BBC Online Outage on Tuesday 29 March 2011
As many of you will have noticed (and reported on Twitter) the whole of BBC Online was down last night for an hour from 22:40 due to a major network incident. We would like to apologise to everyone that was unable to access BBC Online during this outage.
Our systems are designed to be sufficiently resilient (multiple systems, and multiple data centres) to make an outage like this extremely unlikely. However, I'm afraid that last night we suffered multiple failures, with the result that the whole site went down. Enough of the systems were restored to bring BBC Online pretty well back to normal by 23:45, and we were fully resilient again by 04:00 this morning.
For the more technically minded, this was a failure in the systems that perform two functions. The first is the aggregation of network traffic from the BBC's hosting centres to the internet.
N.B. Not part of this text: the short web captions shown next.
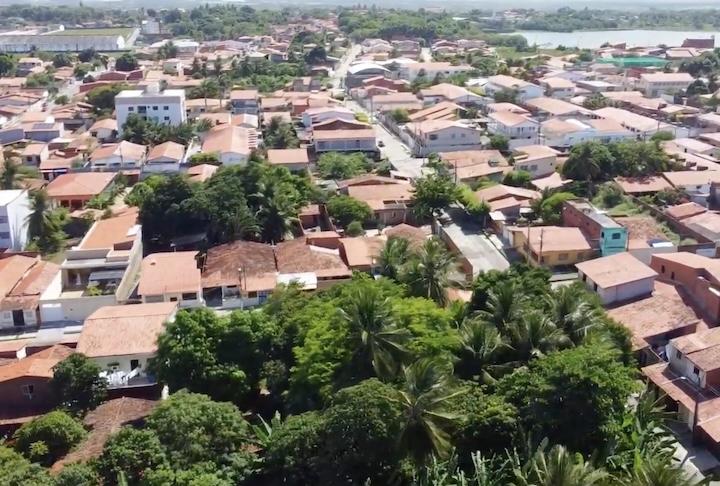 Ela é moradora de Caucaia, município de cerca de 375 mil habitantes da Região Metropolitana de Fortaleza. 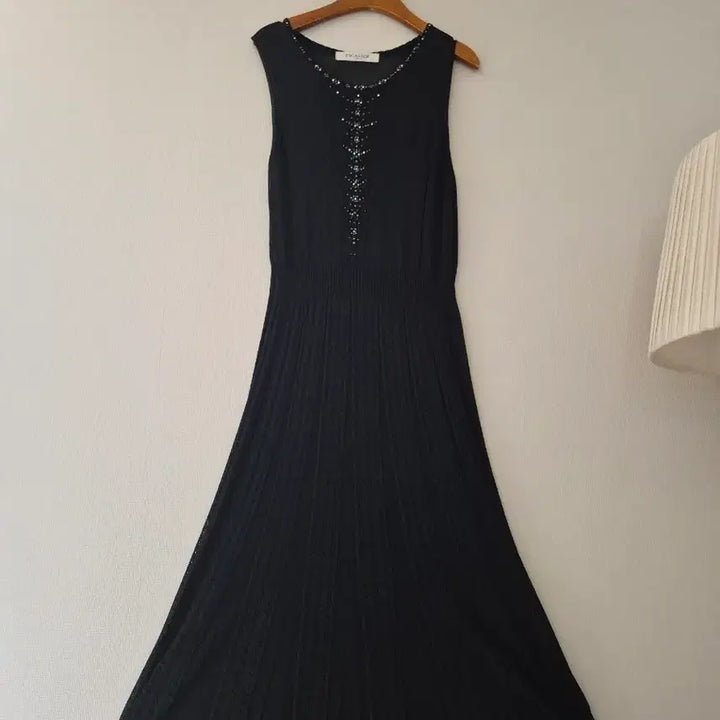 [BUNJANG] Escalier Black Long Knit Dress / [에스까리에] 블랙 롱 니트 원피스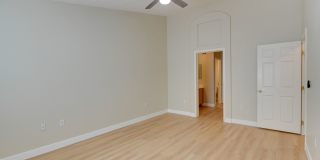 CHARMING 2 BEDROOM TOWNHOME IN SOUTHERN HIGHLANDS Gallery 18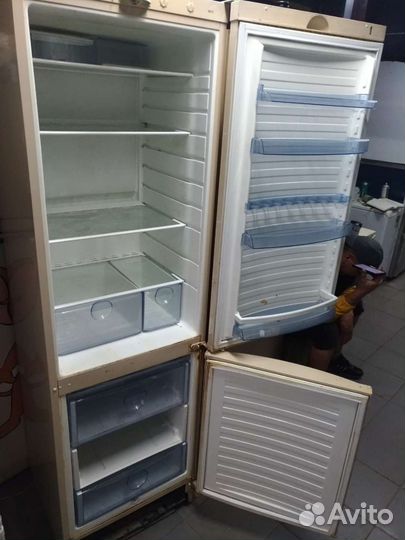 Холодильник Vestfrost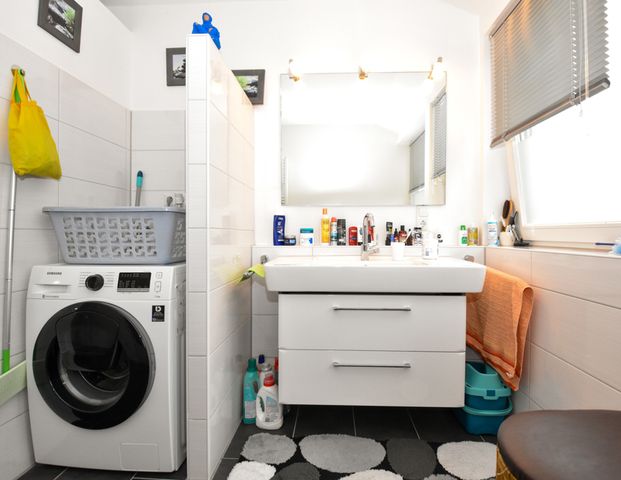 In perfekter, zentraler Lage in Friesoythe wohnen! Top-gepflegte Dachgeschosswohnung mit Südbalkon - Photo 1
The second is the announcement of 'routes' onto the internet that allows BBC Online to be 'found.' With both of these having failed, we really were down!
We'll be taking a very hard look at what we need to do to make sure that this doesn't happen again.
Richard Cooper is Controller, Digital Distribution, BBC Future Media.
Comment number 1.
At 10:05 30th Mar 2011, Kit Green wrote:Outside attack?
Complain about this comment (Comment number 1)
Comment number 2.
At 10:18 30th Mar 2011, Dougie wrote:Are you also looking at having secondary offsite DNS servers.
I couldn't even get an non-authorative reply to a `dig bbc.co.uk`. Your DNS was offline (probably due to your routing failure).
You've got four name servers
ns1.bbc.co.uk. 710 IN A 132.185.132.21
ns1.thdo.bbc.co.uk. 49979 IN A 212.58.224.21
ns1.thls.bbc.co.uk. 49979 IN A 132.185.240.21
ns1.rbsov.bbc.co.uk. 49979 IN A 212.58.227.48
but only two networks hosting them.
Complain about this comment (Comment number 2)
Comment number 3.
At 10:19 30th Mar 2011, dr_salleee wrote:*29th* March...
Complain about this comment (Comment number 3)
Comment number 4.
At 10:20 30th Mar 2011, Richard wrote:Do you mean the headline "BBC Online Outage on Tuesday 23rd March 2011" when the article was written on the 30th and mentions "nast night" and "yesterday"? Maybe the BBC Online Server(s)'s clock was also reset?
Complain about this comment (Comment number 4)
Comment number 5.
At 10:28 30th Mar 2011, brendan wrote:@dr_salleee, @Richard: give the guy a break, I don't think he got much sleep last night :-/
Complain about this comment (Comment number 5)
Comment number 6.
At 10:47 30th Mar 2011, dr_salleee wrote:@brendan :) I won't mention that the article initially even missed out the word March, then!
Complain about this comment (Comment number 6)
Comment number 7.
At 10:55 30th Mar 2011, Nick Reynolds wrote:Thanks for your support Brendan. It was of course the 29th (i.e. last night) - my error which I am now endevouring to correct.
Apologies
Complain about this comment (Comment number 7)
Comment number 8.
At 11:16 30th Mar 2011, Synchronium wrote:Beneath this calm blog post, I'm picturing someone receiving a proper Malcolm Tucker style bollocking. Please tell me that's the case?! Hearing everything's fine, all smiles and chamomile tea would be somewhat disappointing...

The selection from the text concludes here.